*** LISTED ENTRIES ***

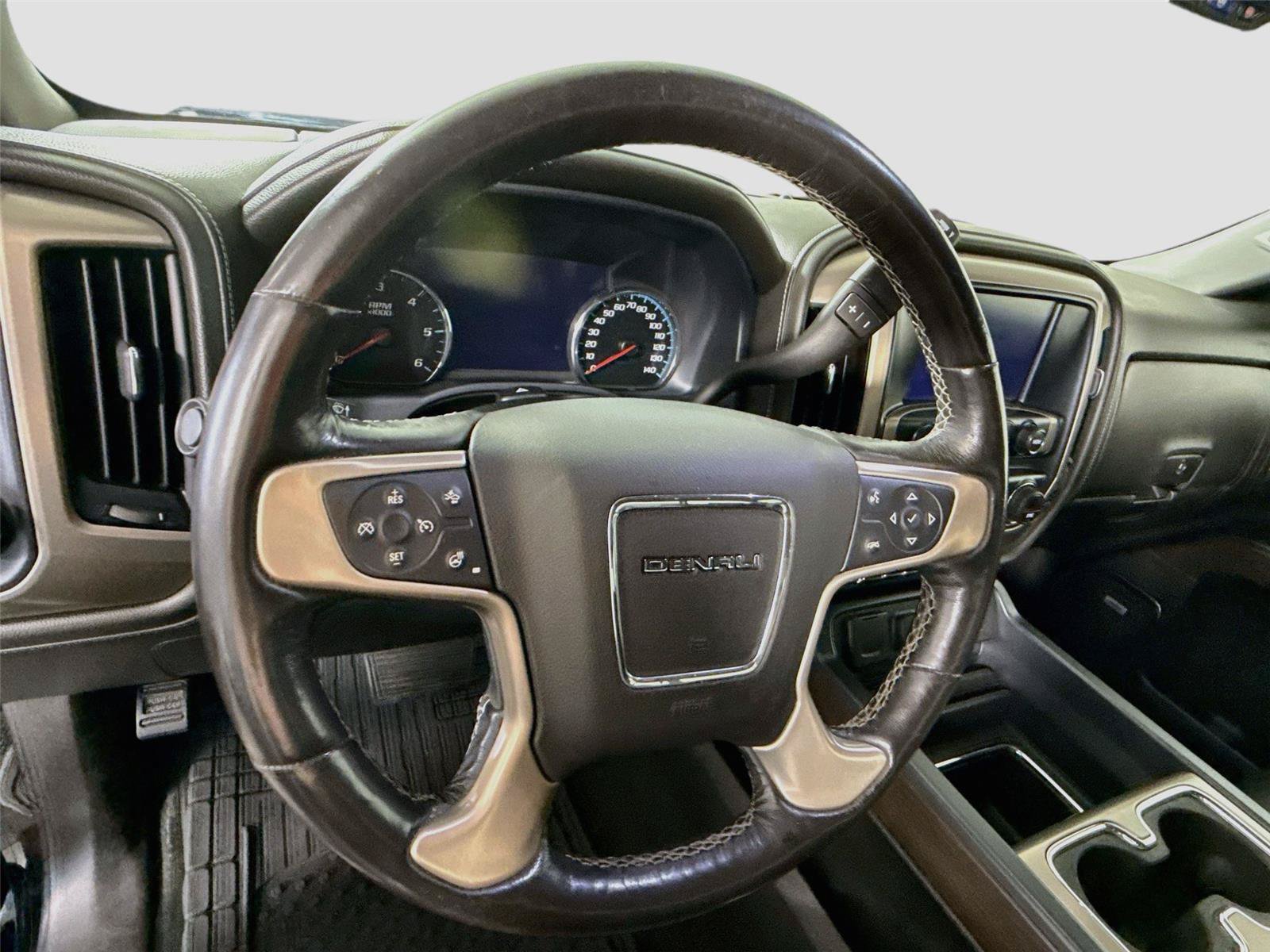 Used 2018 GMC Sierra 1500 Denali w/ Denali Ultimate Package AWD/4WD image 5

***
*** LISTED ENTRIES ***

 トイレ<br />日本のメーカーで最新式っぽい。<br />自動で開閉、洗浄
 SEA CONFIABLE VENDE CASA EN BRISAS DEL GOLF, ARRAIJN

***
*** LISTED ENTRIES ***

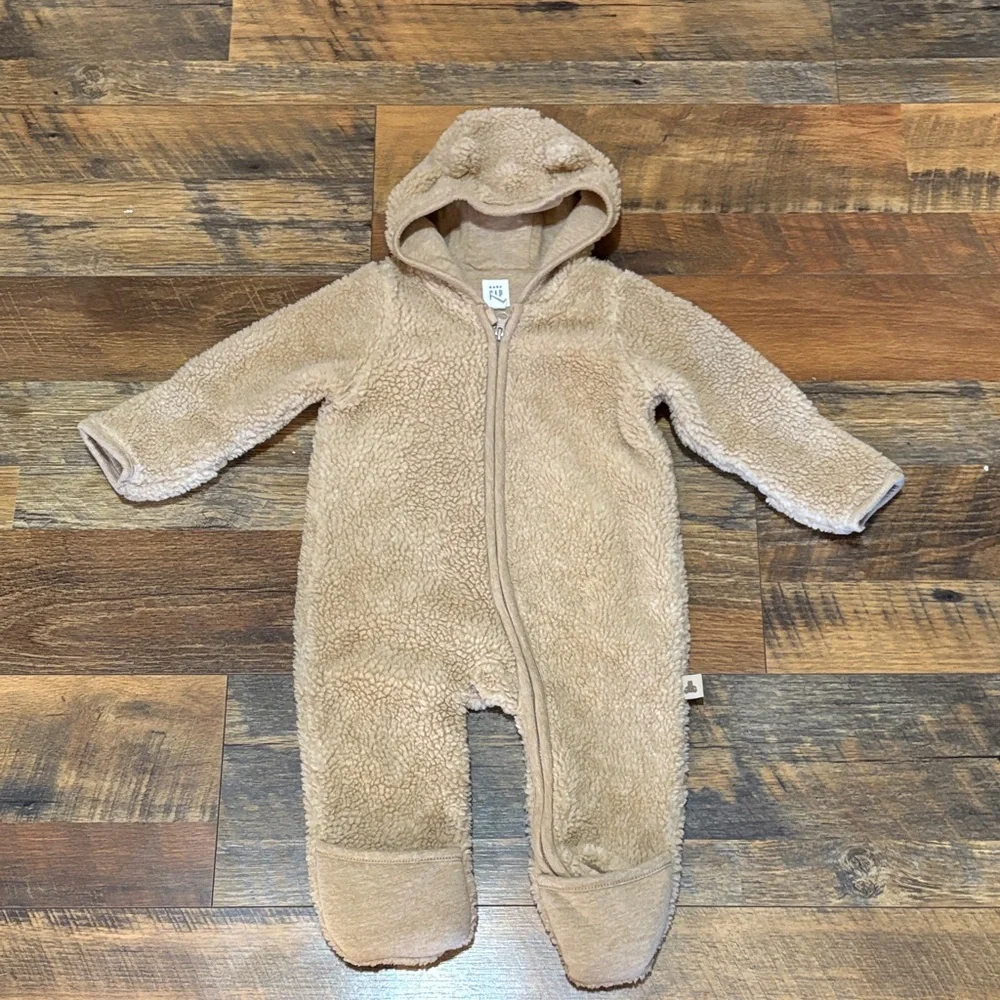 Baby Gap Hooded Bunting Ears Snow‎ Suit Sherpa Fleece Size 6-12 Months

***

### [WHAT YOU NEED TO DO]
Using the records above, set down exactly the lines from the one with "トイレ<br />日本のメーカーで最新式っぽい。<br />自動で開閉、洗浄" through the one with "SEA CONFIABLE VENDE", inclusive, and nothing more.

### [OUTPUT BELOW]
 トイレ<br />日本のメーカーで最新式っぽい。<br />自動で開閉、洗浄
 SEA CONFIABLE VENDE CASA EN BRISAS DEL GOLF, ARRAIJN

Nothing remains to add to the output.